Wednesday, 2 August 2017

grin and bear it

It's early morning, dawn, the sun will soon be up.  Outside, from the woods, I can hear an animal approaching quite fast.  The sound is heavy, four feet?  It stops.  It has seen our tent.  It emits a sound, a puzzled exclamation.  When I try to recreate it later, when telling this story, it sounds like the noise Scooby Doo makes when he's questioning something.  But this is no animation.  This is real.  My heart starts to beat faster but I don't dare move.  What is it???  And then it retreats, back the way it came, into the forest.

uh-huh?
I don't want to cook breakfast there, ostensibly because we are close to a house, but with the knowledge that something is in the woods.  So we pack up and stop down the road on a side track.  It starts to rain.  Great.  Gayle is cheery and indefatigable all day but my morning's moment of fear is weighing heavily.  The road from Forestville unsurprisingly continues through the forest.  It is, as always, dense and dark.  It feels claustrophobic, pressing in on us from the sides. It seems every day is like this - the forest pressing in, getting closer, the darkness, the horror.  The horror.

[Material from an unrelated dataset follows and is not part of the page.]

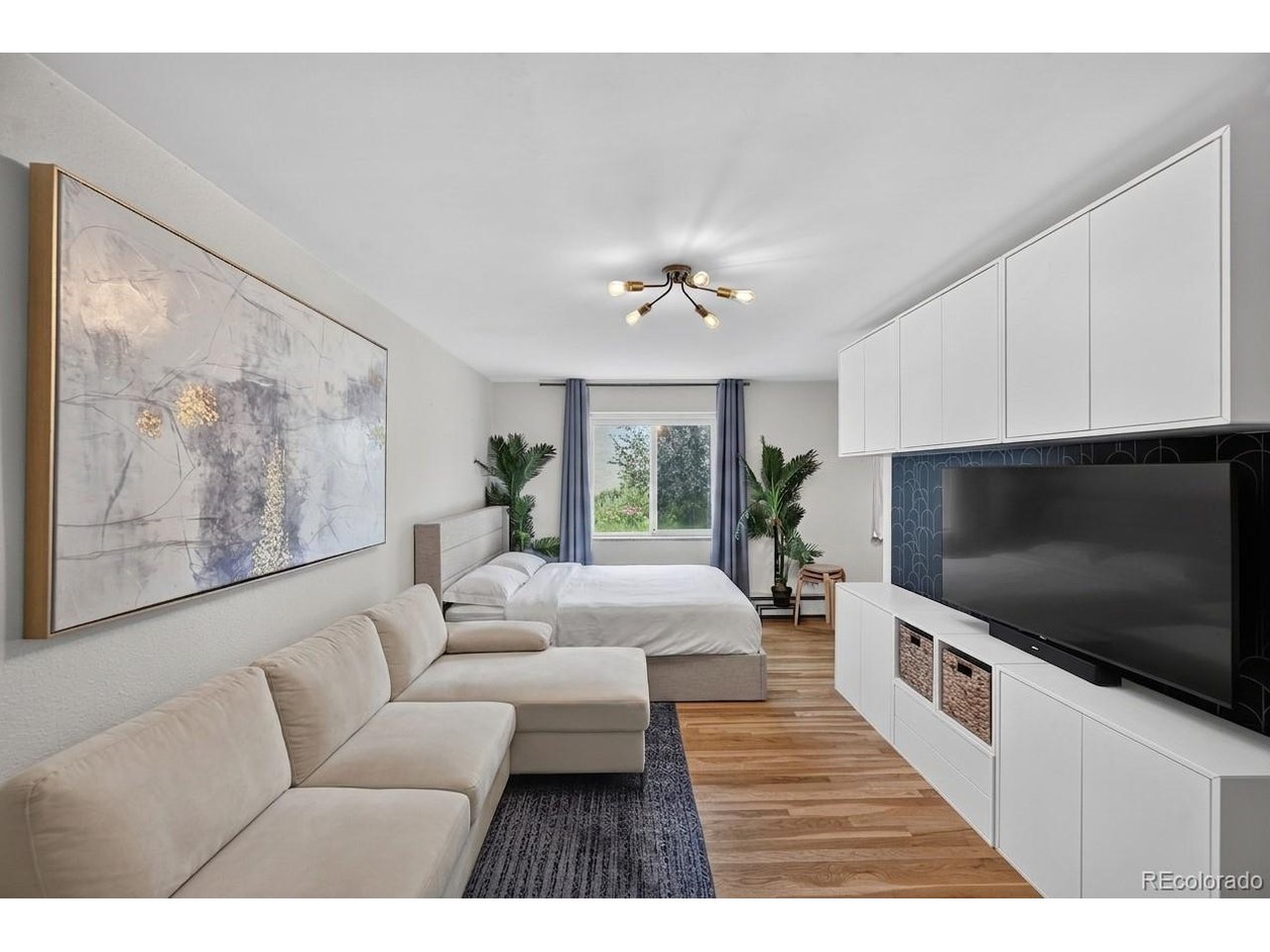 Photo of 2480 W Caithness Pl #2 Denver CO 80211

At Baie Comeau, a small town split in half by a headland, we stay with Ken and Marie-Elaine and their children.  I am drawn out from my melodramatic foreboding as they stuff us full of wonderful food and a copious amount of beverages, some of them alcoholic.  Marie-Elaine's sister calls in and then one of her best friends from school, up from the Big Smoke (Montreal) with her policeman boyfriend.  Everyone is francophone but speaks English for our benefit - for which we are most grateful.  Ken is a paramedic and Marie-Elaine a dietician, working in a nearby Innu community.  She tells us the problems that we might already have guessed.  Obesity and related health issues such as diabetes and heart conditions are prevalent due to a taste for sugary drinks and a western diet that does no good.  But, quite frankly, this is not just a problem for the Innu community - it applies to the whole of Canada from what we have seen so far.  There is definitely an awareness of the need to exercise, judging from all those cyclists we saw around Quebec City and Montreal, but awareness doesn't always lead to action, I suppose.

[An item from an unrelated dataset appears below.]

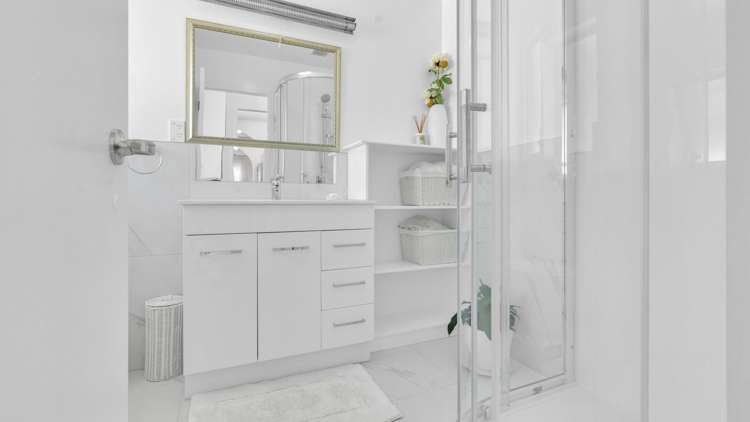 194 Simeon Street Spreydon_9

Ken and Marie-Elaine with their young daughter

We have a fun evening with our hosts.  I ask about bears along the route and they all agree - at this time of year with the blueberries ripening, the bears won't pay us much attention.  But what about keeping food in our tent?  Oh no, we should never do that.  I recount the noises I heard this morning and ask what they think I might have heard.  "Rabbit?" Marie-Elaine suggests.  A bloody big one, I think.  She then recalls seeing bears along the road near Forestville.  I wonder, do bears make Scooby Doo noises?

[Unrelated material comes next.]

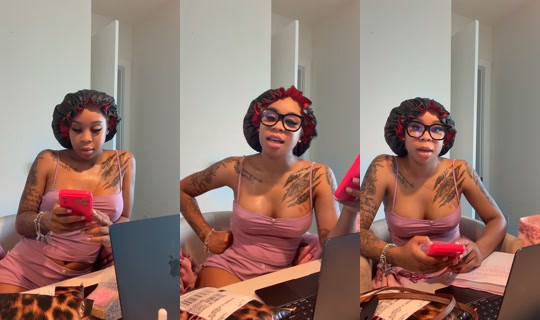 daja.young1 TikTok Live — Aug 10, 2026, 1:50 PM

In the morning we say our adieus to our lovely hosts and head off along the coast.  The day is sunny and hot but there are now coastal views as we climb over and around headlands.  It's really stunning and dramatic and a reward from some boring days among the trees.  In the afternoon we find a place where we can get water and then head back inland.  The road skirts a few tucked away lakes and then suddenly climbs steeply.  I get ahead of Gayle and then pause where the road eventually flattens out to get my breath and wait for her to catch up.  There's no traffic at all.  Not a sound.  After a long wait I finally hear Gayle.  But she's whispering and shouting my name at the same time.  "John! John! Look!  A bear!"  As I turn around I see a young black bear ambling out onto the road between us.  I quickly turn my bike around to face it.  In that time the bear has heard Gayle and is also turning around.  It bounds back into the forest from whence it came.  Gayle is enraptured.  I am mortified.  We ride on through the hills.


A while later we stop for a break where there's a clearing beside the road.  Gayle suggests we stop and camp.  I ask her what bears eat.  "Um, berries mostly."  And what are these all around us? "Um, berries, I suppose."  I refuse to stay.  We push on and finaly re-emerge back at the coast in the village of Baie Trinite.  After cooking our tea by the salmon river, we look about for a spot to camp.  There's a fish processing plant by the beach, and it looks like there's cover behind it, within hearing of the waves.  A sign says "Prive"  We roll beyond it and quickly push into the grass and dunes to find a nice spot, miles from any bears.  As we nod off, Gayle is still enthralled by the beautiful beast she has finally caught sight of.
 
at least, I think we were miles from any bears...

Why didn't you get a photo of it, I ask her.  "It was either warn you or take a photo", she replies, not hiding the hint of regret in her voice.